Four years later, after all of us had graduated and parted ways and made way for a totally new generation of students, I went back to work at the school. Now there's a whole different set of girls, with a greater variety of sizes than there were when I was a student. I look back at pictures of myself at that age and realize that I was the same size as those considered among the smaller or "normal." And those girls who are among the plumper, and plumper than I was then and am now, are treated with more respect by their peers than I was.

My point is, with a different set of girls came a different attitude towards weight.

Personally, my attitude toward my weight is on a day-to-day basis. Some days I feel beautiful and happy with my weight, and some days I look in the mirror and make a vow never to touch any of the foods I love ever, ever again.

In an honest light though, I'd at least like my New Year's resolution to be to tone up a little.

A good gauge (not that I should be gauging) for me to tell now whether or not my close friends think I am overweight, without asking outright, is by the fact that we can poke fun at each other about taking an extra-large scoop of ice cream, while we would never say such a thing to someone who actually had weight problems.

Seraphic said...

Science Girl! Complete strangers (not of any of my ethnicities) have told me I look like Chelsea Clinton!

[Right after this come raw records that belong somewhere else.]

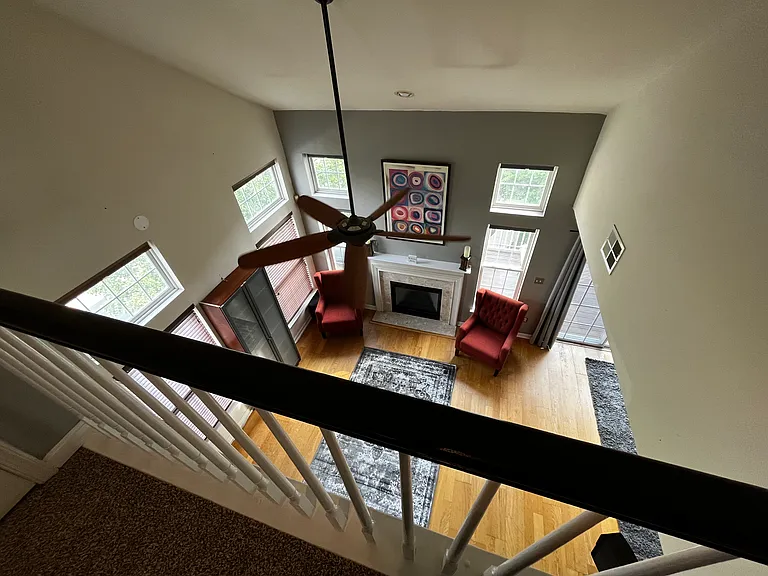 6607 Thackwell Way #2208 — Photo 3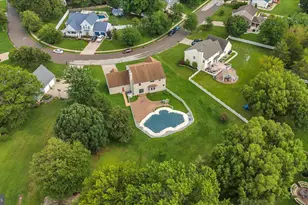515 MacIntosh Dr, Harrison Township, NJ 08062 - Photo 4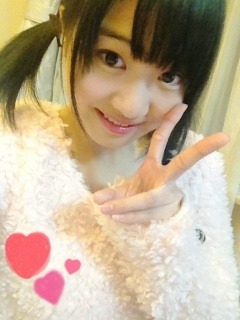 [11_3%255B2%255D.jpg]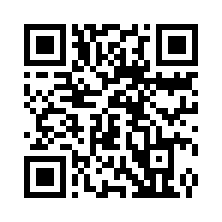 QR Code for 1AdMbErC9j5jkQNsp9VxbmDYdvVfuu18ab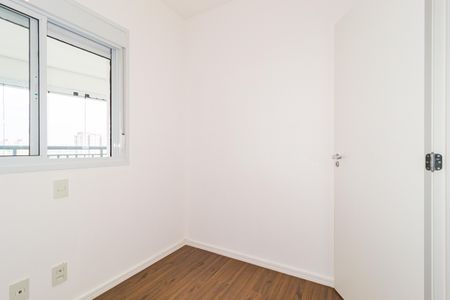 Quarto 1 de apartamento à venda com 3 quartos, 94m² em Parque da Mooca, São Paulo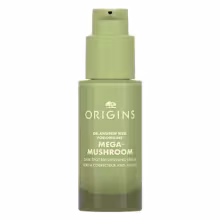 Origins Rozjasňujúce sérum Dark Spot Brightening Corrector Serum 30 ml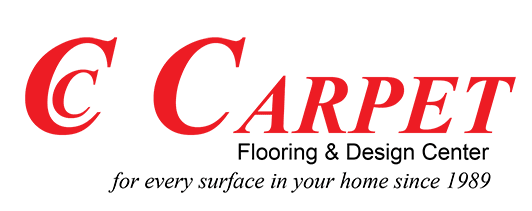 Links to https://www.cccarpet.com/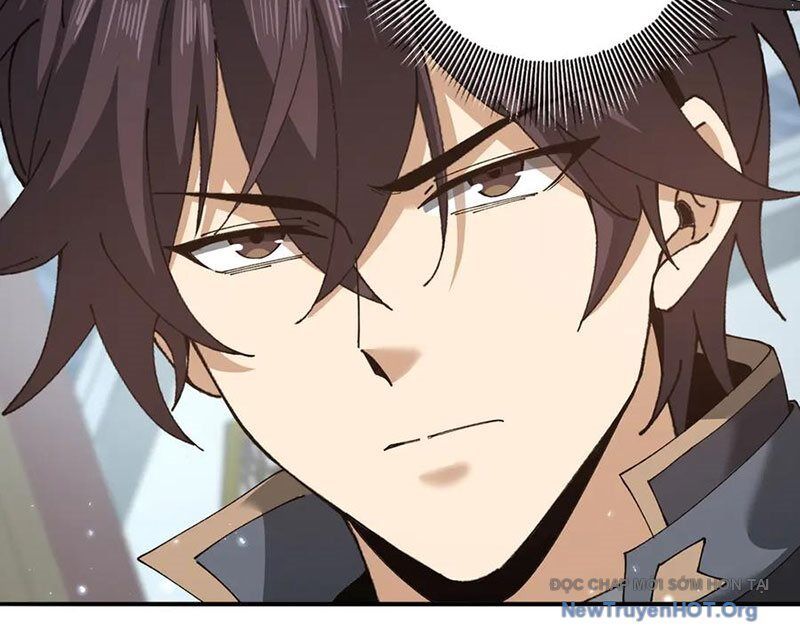 đọc truyện Toàn Dân Chuyển Chức: Ngự Long Sư Là Chức Nghiệp Yếu Nhất? Chương 152 ảnh 72 tại Thiên Thai Truyện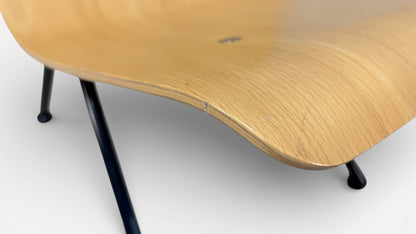 Antony Lounge Chair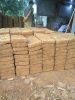 Laterite brick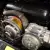 Porsche : 911 SC Coupe 2-Door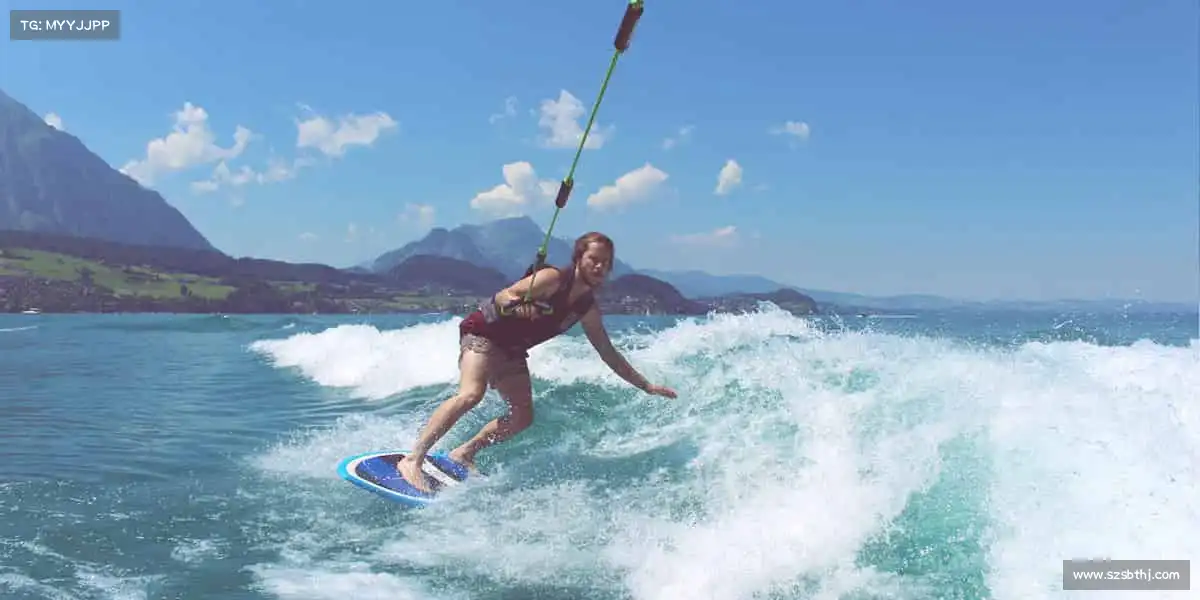 太阳成集团tyc33455ccww🏓小球转动大梦想，步伐丈量新可能 —— 每一次挥拍，都是对热爱的致敬！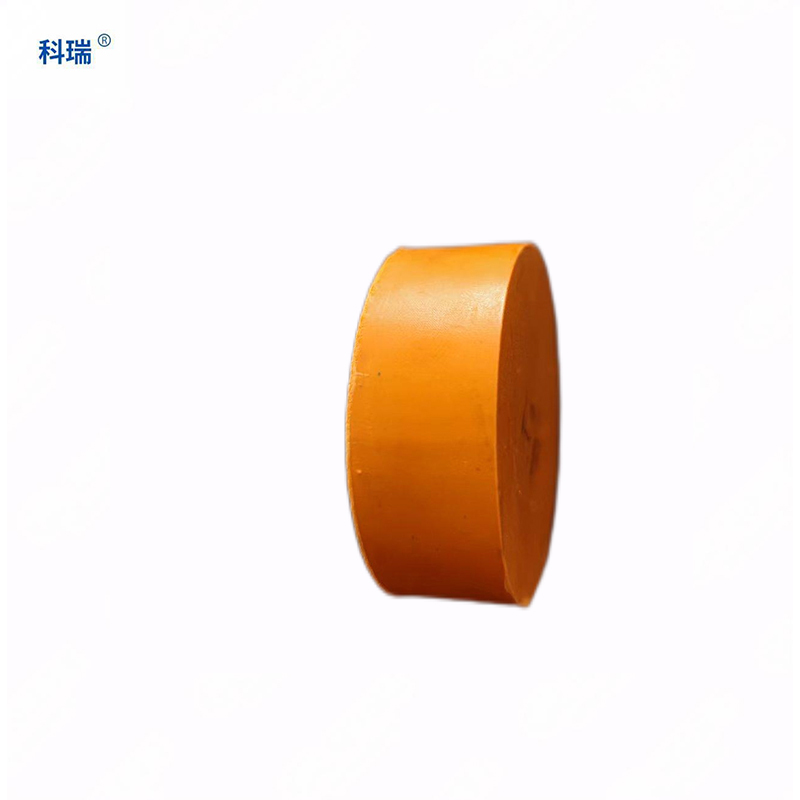 科瑞防尘套高清大图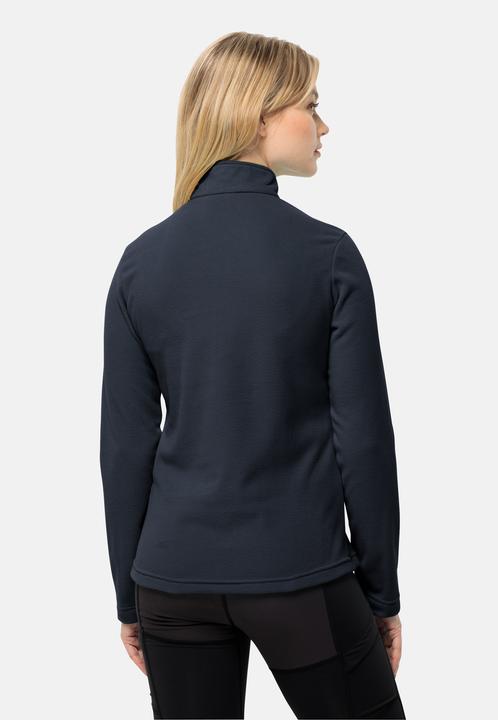 Produktbild Jack Wolfskin Taunus Hz W (S)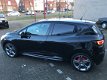 Renault Clio - 0.9 TCe Intens GT LINE UITVOERING, SPORTUITLAAT, 1E EIGENAAR, ONDERHOUDSHISTORIE - 1 - Thumbnail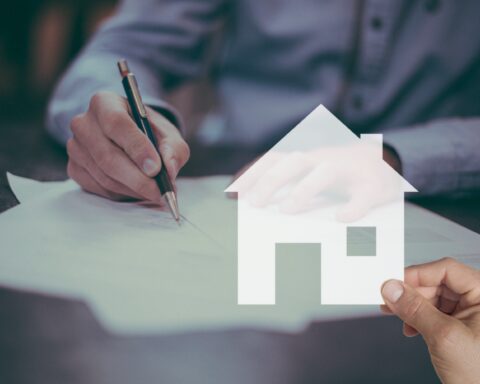 No slow down expected this year for new home price rises in Spain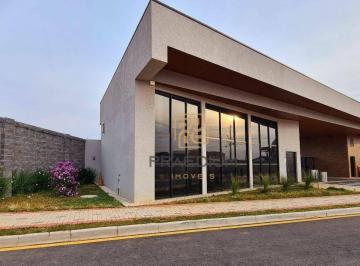 f60eedc257950ef413927141aab744045758f2b4 · Terreno à venda, 245 m² por R$ 253.990,00 - Costeira - São José dos Pinhais/PR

I have friends--two sisters---who are half or three-quarters Swedish from the American midwest. One is very slender with a very flat bum, and the other is quite big with, er, "junk in the trunk."

I can never understand why people ever thought think Jennifer Lopez was fat or had a big behind. Her behind looks perfectly normal to me. Maybe, though, normal is usually not allowed in Hollywood?

Ginger said...

P.S.

I once whined aloud to a girlfriend that I "felt fat" that day. A passing male who overheard piped in, "Didn't you just hike 20 miles up a 14,000 foot mountain a couple weeks ago? How many fat people do you know who could do that?"

That kind of logical reasoning was much more successful in changing my momentary lapse in self esteem than any empty rebuttal would have been.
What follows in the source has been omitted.